Also in the Guardian:

Ingmar Bergman
  • Gwladys Fouché reports that Ingmar Bergman's home on the Baltic Sea island of Fårö may well be auctioned off "unless sponsors can be found to fund a cultural centre that would preserve the home as it is." Yesterday in the Berliner Zeitung, Jan Brachmann wished Bergman a happy 90th, wherever he may be, and Jerry Lentz sends along a bit of related online viewing.

There are rumors "that Ingmar Bergman named it one of his favourite films, and Liv Ullmann, who plays the role of Kristina, considered it one of her finest." Pacze Moj on Jan Troell's The Emigrants.

Barbara Ellen talks with Jaime Winstone for the Observer, where Philip French remembers Rita Hayworth and is "bludgeoned into submission by the energy and exuberance and came near to embracing the camp frolics and calculated pseudo-artlessness" of Mamma Mia!

"From the New Wave to the New Hollywood: The Life Cycles of Important Movie Directors from Godard and Truffaut to Spielberg and Eastwood" is a paper issued in June by David Galenson, author of Old Masters and Young Geniuses: The Two Life Cycles of Artistic Creativity, and Joshua Kotin. For Portfolio, Zubin Jelveh writes up a little quiz. Look at his list of ten directors, then: "Decide whether each director is a Conceptual or Experimental innovator." Via Movie City News.

X-Files: I Want to Believe The X-Files: I Want to Believe, "is, in X-Files argot, a stand-alone," reports Mark Harris: "a self-contained story reminiscent of several beloved early episodes in which Mulder and Scully were dispatched to a remote (but always vaguely Canadian looking) location to confront an undefined, menacing presence. [Chris] Carter promises not only scares but also a beginning, middle and end, none of them overly entangled in back story. Everyone, including newcomers, is invited to jump aboard." More from Gina McIntyre in the Los Angeles Times.
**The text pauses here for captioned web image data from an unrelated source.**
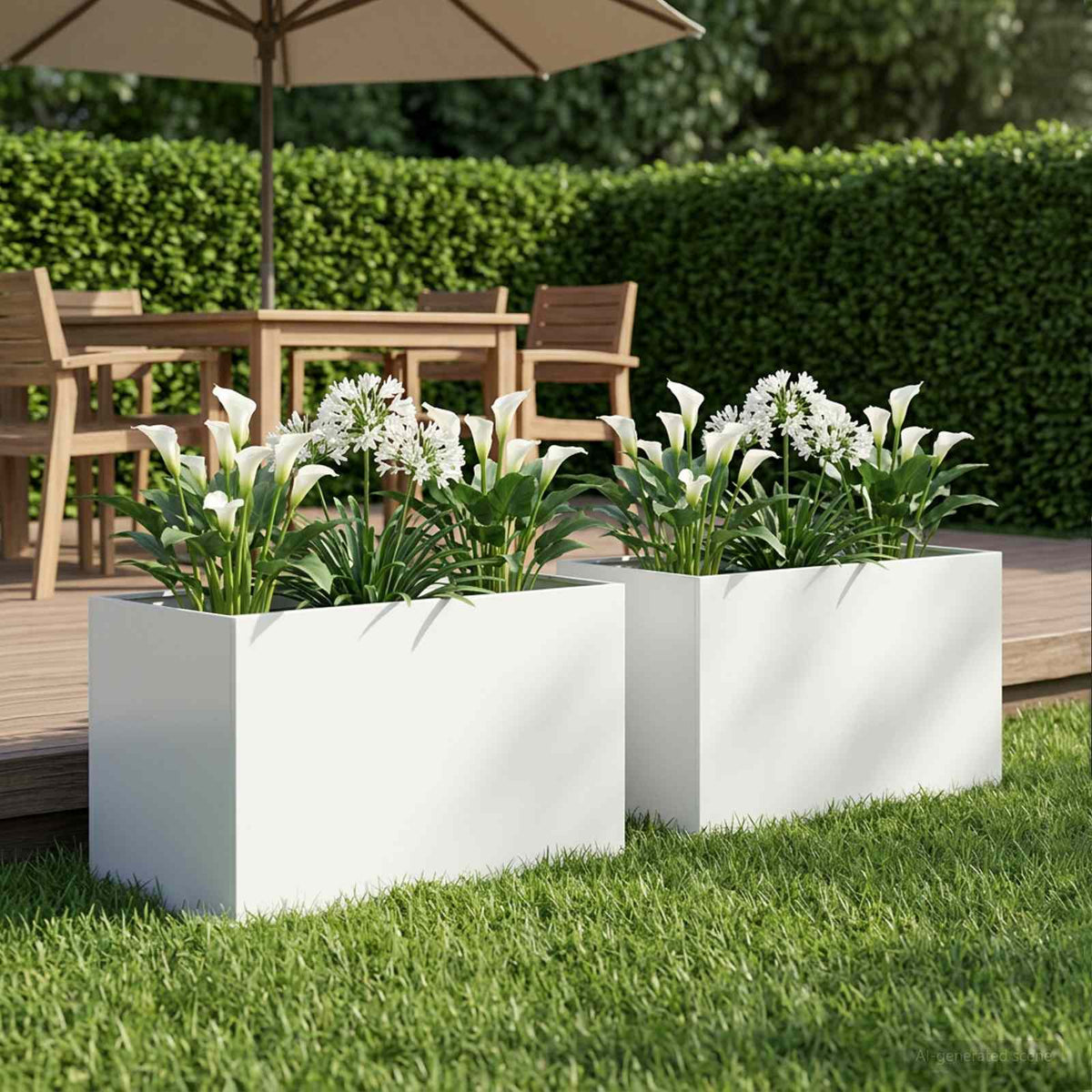 Plantenbak 2 st Wit 50 x 40 x 40 cm Koudgewalst staal is nu te koop bij PeponiXL, paradijselijk wonen!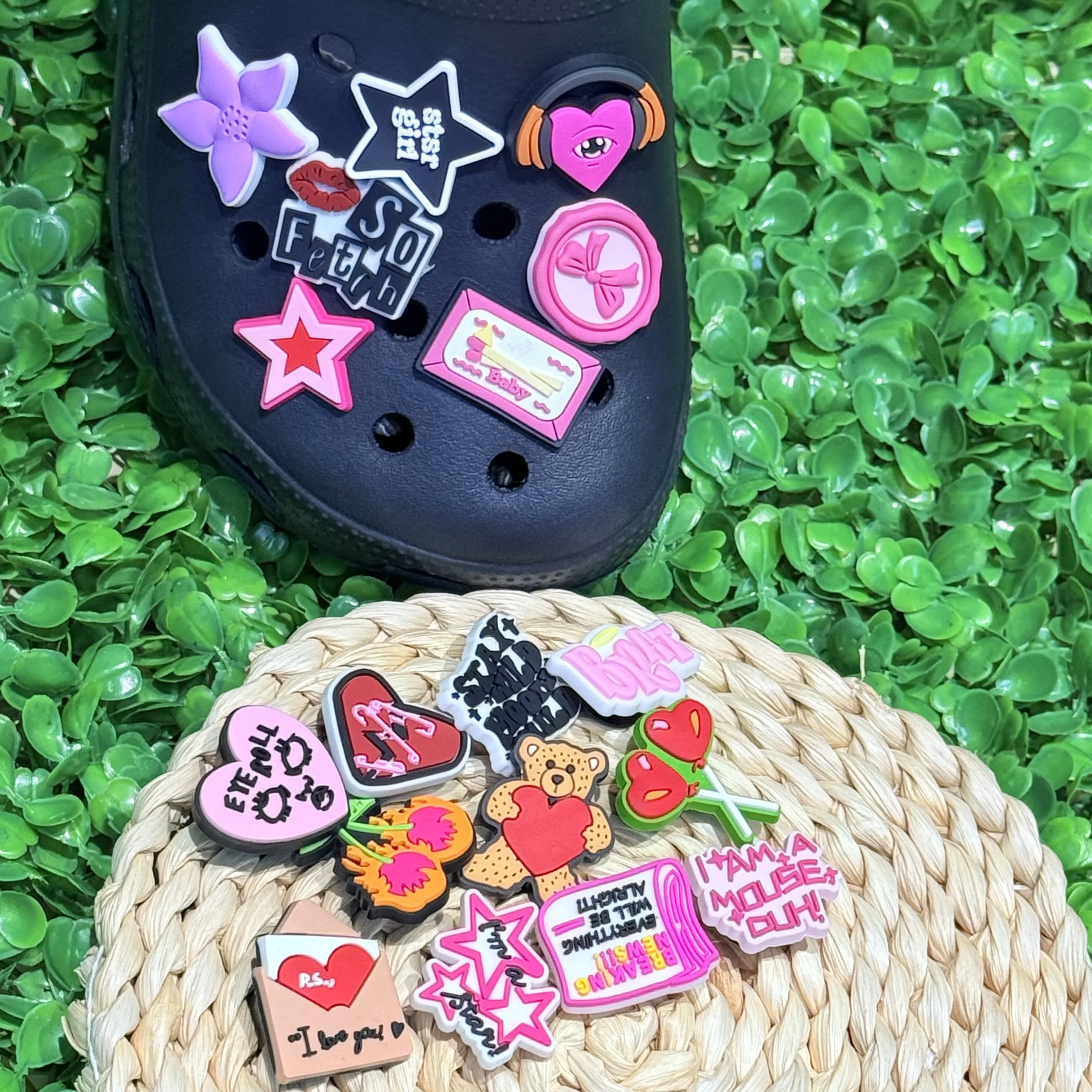 

1-18pcs Star Cherry Lollipop Bear Heart Bow Eye Roll PVC Shoe Charms Accessories Garden Shoes Buckles For Women Birthday Present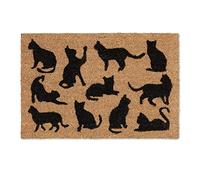 Relaxdays Paillasson Coco, Motif Chats, Tapis d’entrée Pratique, 40x60 cm, revêtement antidérapant en PVC, Nature/Noir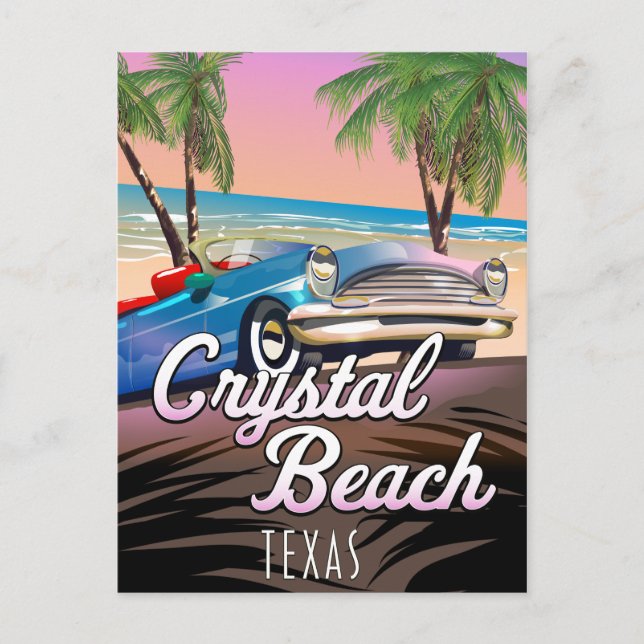 Postal Afiche de viajes de Crystal Beach Texas (Anverso)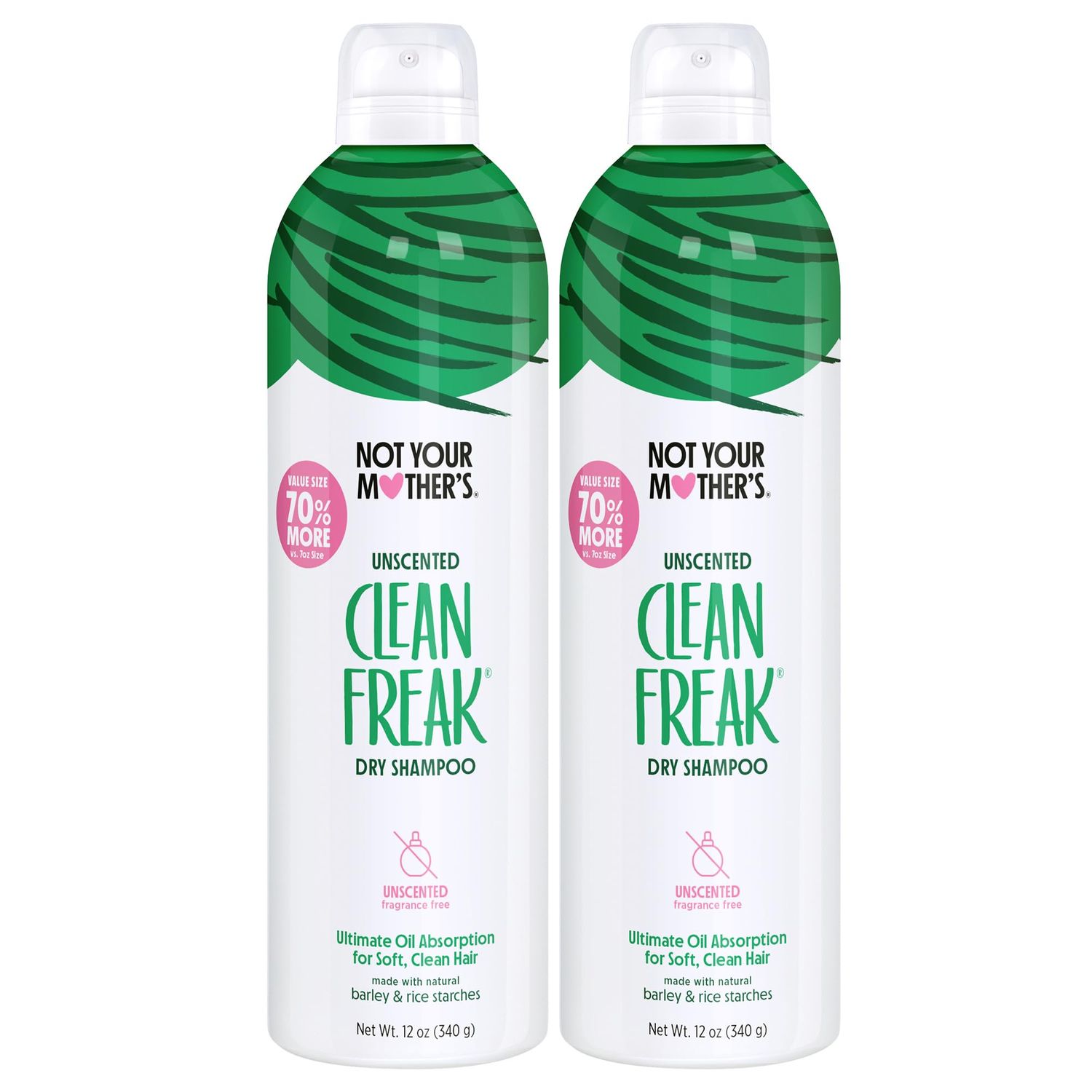 Not Your Mother&#39;s Clean Freak Unscented Dry Shampoo (2-Pack) - 12 oz - Refreshing Dry Shampoo - Instantly Absorbs Oil and Odor for Refreshed Hair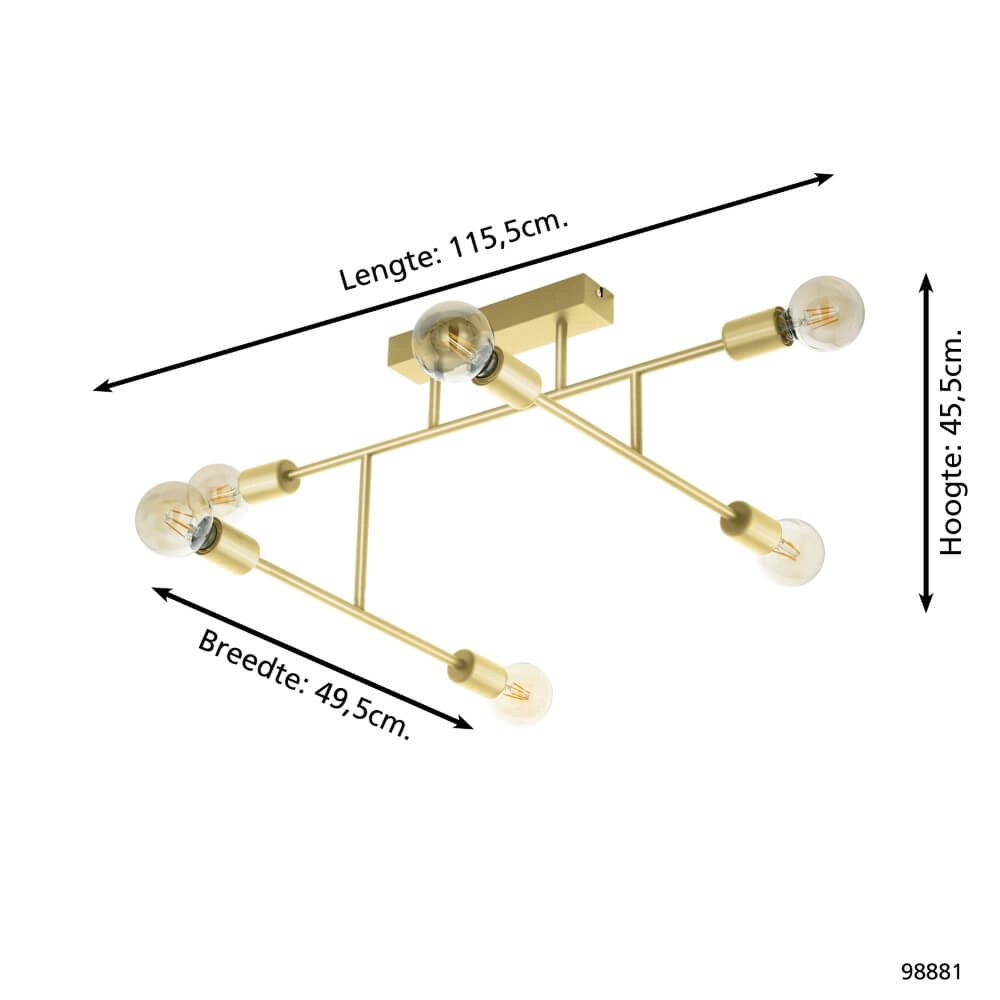 Plafonnier doré Belsiana 1 6 lumières Eglo 9002759988814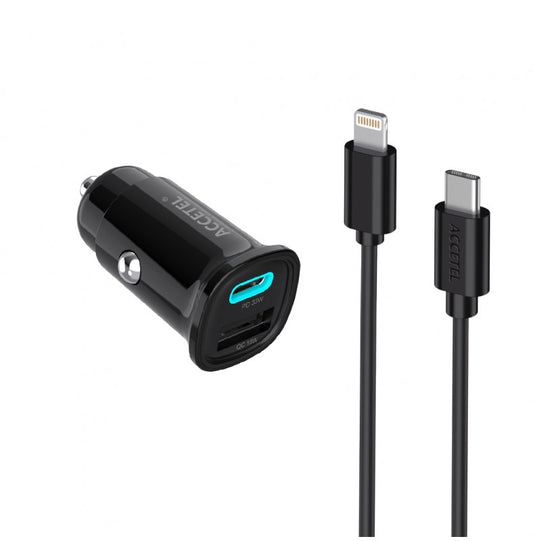 Carregador de Carro de Carga Rápida USB-C PD + USB-A QC Máx. 33W ? Cabo Lightning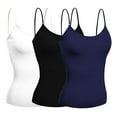 thumbnail image 1 of Basic Women Short Cami Built-In Shelf Bra - 3 Pk - Black, Navy, White, Small, 1 of 5
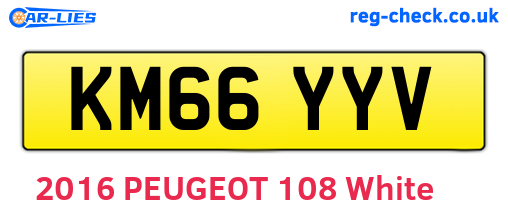 KM66YYV are the vehicle registration plates.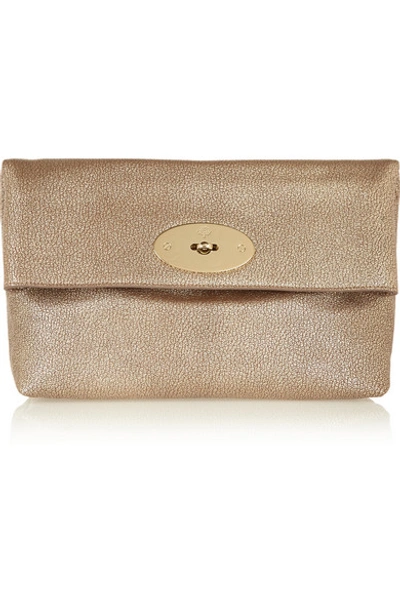 Mulberry Clemmie Metallic Textured leather Clutch In Gold ModeSens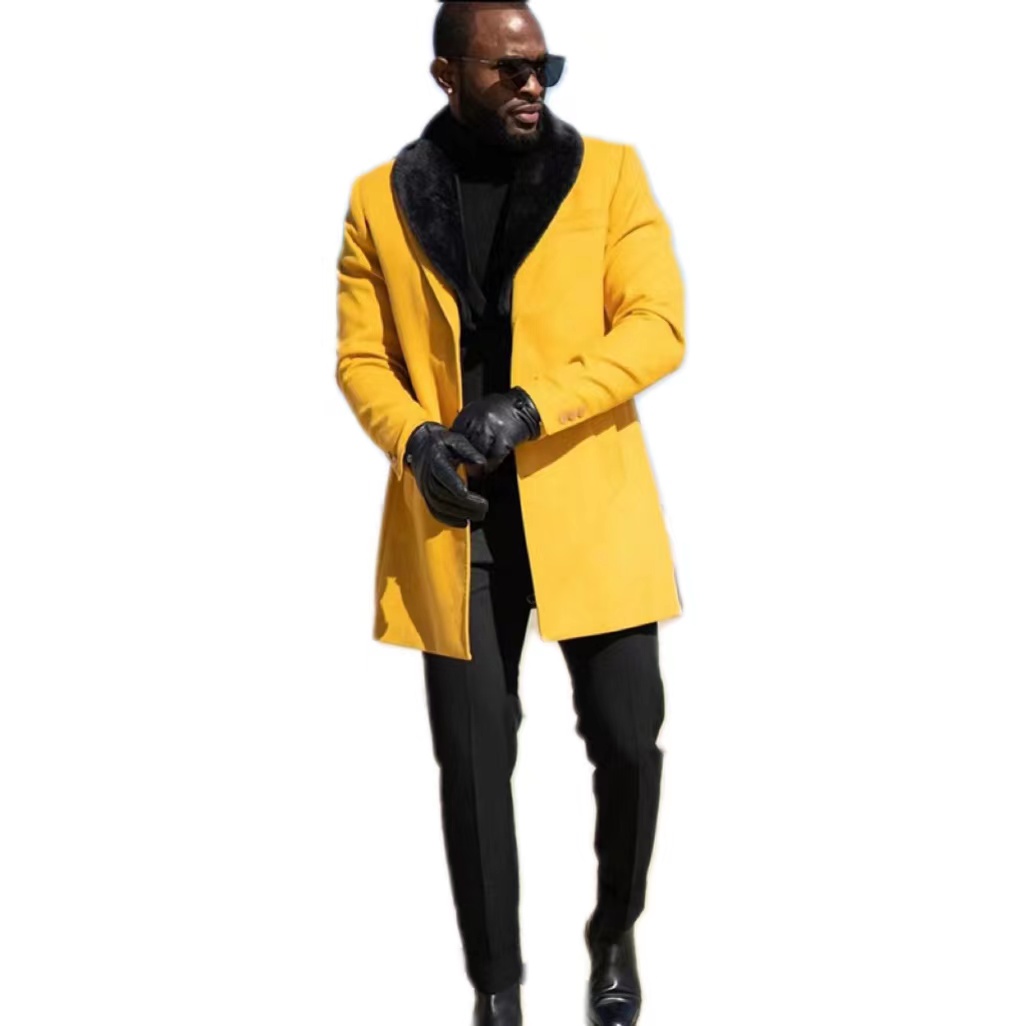 Veralove Yellow Shawl Lapel One Button Groom Tuxedos Wedding Prom Suit for Men Set Custom Made Winter Men Coat(Jacket+Pants)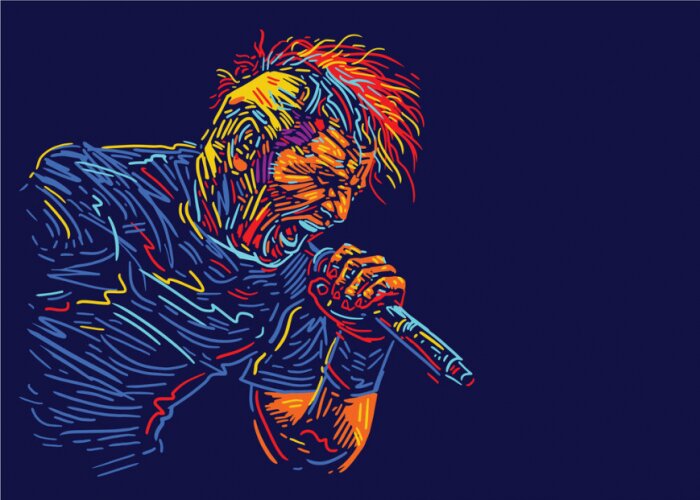 Poster Singer man character. Rock vocalist. Abstract vector illustration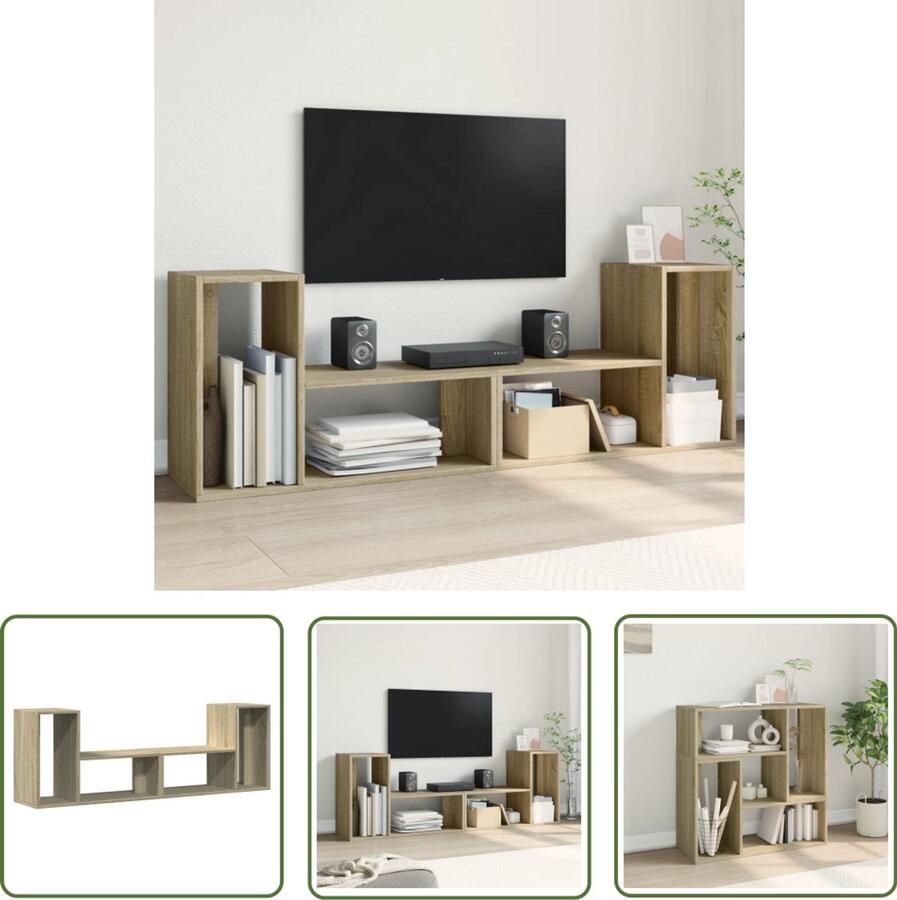 The Living Store Tv-meubelen 2 st 75x30x50 cm bewerkt hout sonoma eikenkleurig Tv Meubel Salontafel Houten Kast Bruine Kast Opbergvakken - Foto 2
Also in the New York Times:

August
  • Jeannette Catsoulis on August: "Set in New York City in August 2001, in the tense climate of a dot-com startup where stock price and corporate morale are plummeting, the movie unspools with an unrelieved cynicism and a metallic aftertaste." More from Meghan Keane (New York Sun), Eric Kohn (Cinematical), Nathan Rabin (AV Club) and Steven Zeitchik (Hollywood Reporter). And Eric Kohn talks with director Austin Chick for Cinematical.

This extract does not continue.